Fazer escolhas
Há carnavais e carnavais e jamais se estabelecerá um consenso sobre a superioridade dos carnavais do Recife, de Salvador ou do Rio de Janeiro. Se a festa carioca é mais sensual e exuberante e a da Bahia mais negra e dionisíaca, os cinco dias de Carnaval pernambucano são sem dúvida mais democráticos e culturalmente heterodoxos. Em primeiro lugar, não há sambódromos como no Rio a cobrar bilhetes nem trios eléctricos como em Salvador que, para serem seguidos, exigem contrapartidas — nem que seja a compra de uma camisola.
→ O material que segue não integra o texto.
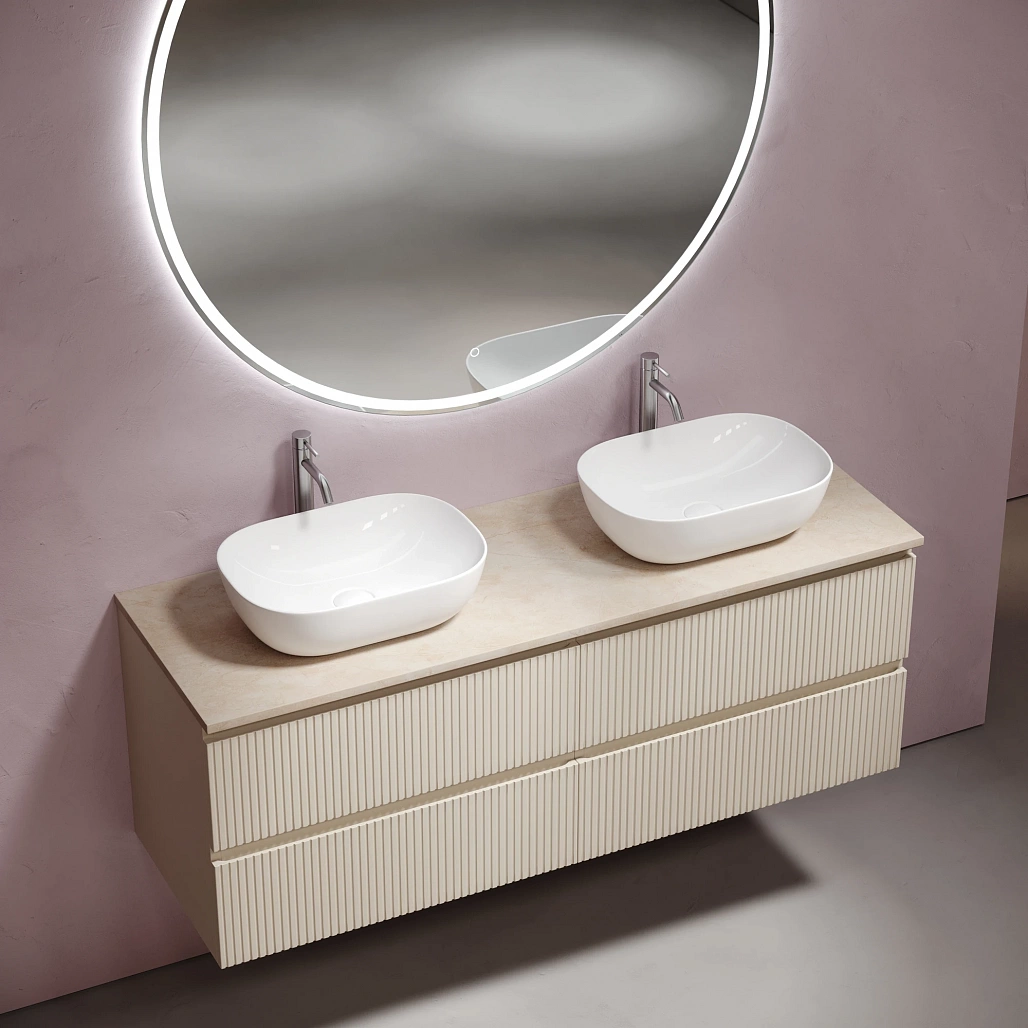 Тумба под столешницу Sancos Сноб T / Snob T 69x44,5x50 подвесная, бежевый матовый / beige soft, столешница 140 см, с отверстием под смеситель, креман / kreman — МЕБ009915 — фото 3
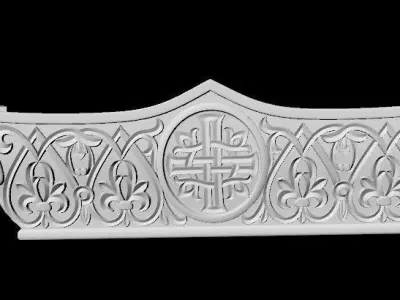 Central decor ornament for furniture 3D model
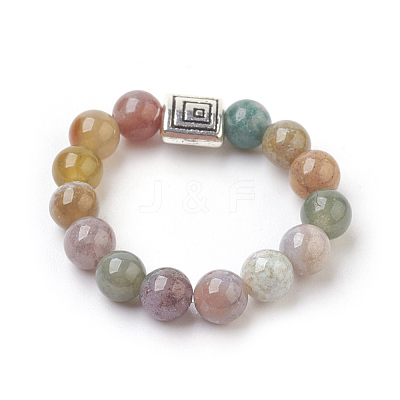 Natural & Synthetic Mixed Stone Stretch Finger Rings RJEW-JR00221-1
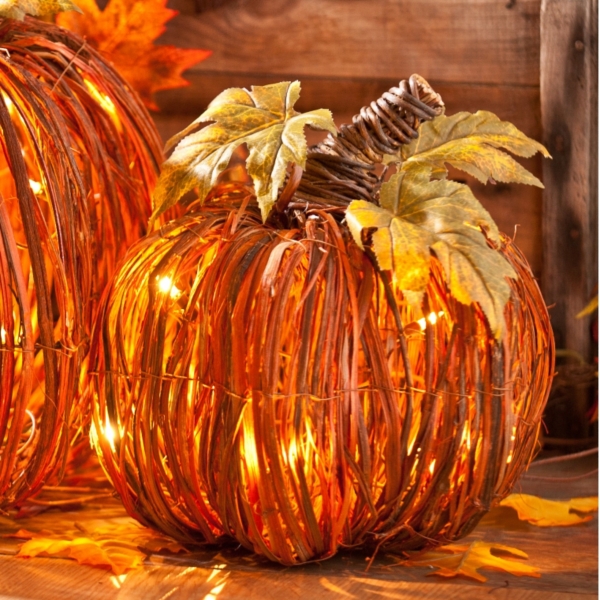 Pre-Lit Orange Rattan Pumpkin, 12 in. | Kirklands Home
A menos que se queira um lugar num dos palanques por onde se seguem os corsos, que chegam a custar 60 euros, no Recife e em Olinda a festa é completamente livre. Pode-se seguir em frente com um bloco e fazer marcha-atrás com um maracatu, pode-se subir uma rua com uma orquestra de frevo e regressar com um grupo de afoxé sem gastar nada com isso.
O problema maior é fazer escolhas. Quem experimentou as festas de preparação dos blocos ou dos grupos de percussão no coração do Recife histórico ou nas calçadas setecentistas de Olinda sabe que, no aparente caos da festa, há um sem-número de detalhes que convém perceber. Cada bloco tem a sua própria personalidade cultural, política ou até social, organiza-se num “foco”, tem uma hora para a largada e segue uma rota mais ou menos estabelecida. Alguns, como o Manguebeat de Olinda, procuram homenagear a cultura urbana do Recife, uma mistura de rock agressivo com ritmos negros do Nordeste que deu a volta ao mundo com os discos de Chico Science, nos anos 1990; outros dedicam-se à crítica social, como o Enquanto Isso na Justiça. Outros, ainda, nascem e crescem sem narrativa e vivem da inspiração do momento e da capacidade de atraírem quem andar pelas suas rotas.
Este ano, a organização do Carnaval do Recife refere a existência de 63 “focos”. Uns são centralizados, outros descentralizados, alguns são comunitários e três serão dedicados às crianças. Mas sempre que se refere a esta pluralidade de lugares onde se congregam os grupos que, por vezes, chegam a arrastar pelas ruas da cidade milhares de seguidores, há que ter em consideração a existência de uma estrela maior nesta constelação: o tal Galo da Madrugada. Fundado em 1977 numa reunião patrocinada por um empresário, o Galo é hoje a figura do regime do Carnaval. Mas é-o mais pela quantidade de gente que arrasta ou pelas fotografias cénicas que proporciona do que por um acto de paixão genuína. Em Olinda há quem lhe faça frente, se não em mobilização, por certo em intensidade cultural.
Veja-se o caso do Homem da Meia-Noite. Esta figura é claramente inspirada na tradição portuguesa dos Zé Pereira. Em linguagem nortenha, o Homem é um gigantone. Ou um cabeçudo. Bem vestido (este ano levará as cores do Brasil, em homenagem à Copa do Mundo), com um dente de ouro a sublinhar a sua condição próspera, esta figura faz parte do Carnaval de Olinda desde 1932. Os registos avisam que quando o Homem sai à rua há uma espécie de delírio metafísico — difícil de explicar, como tudo o que diz respeito a estas festas. Com tanto sucesso, acabaria por se tornar obrigatório encontrar companhias apropriadas a semelhante personagem. Foi assim que nasceu a Mulher do Dia, um horário bem mais politicamente correcto.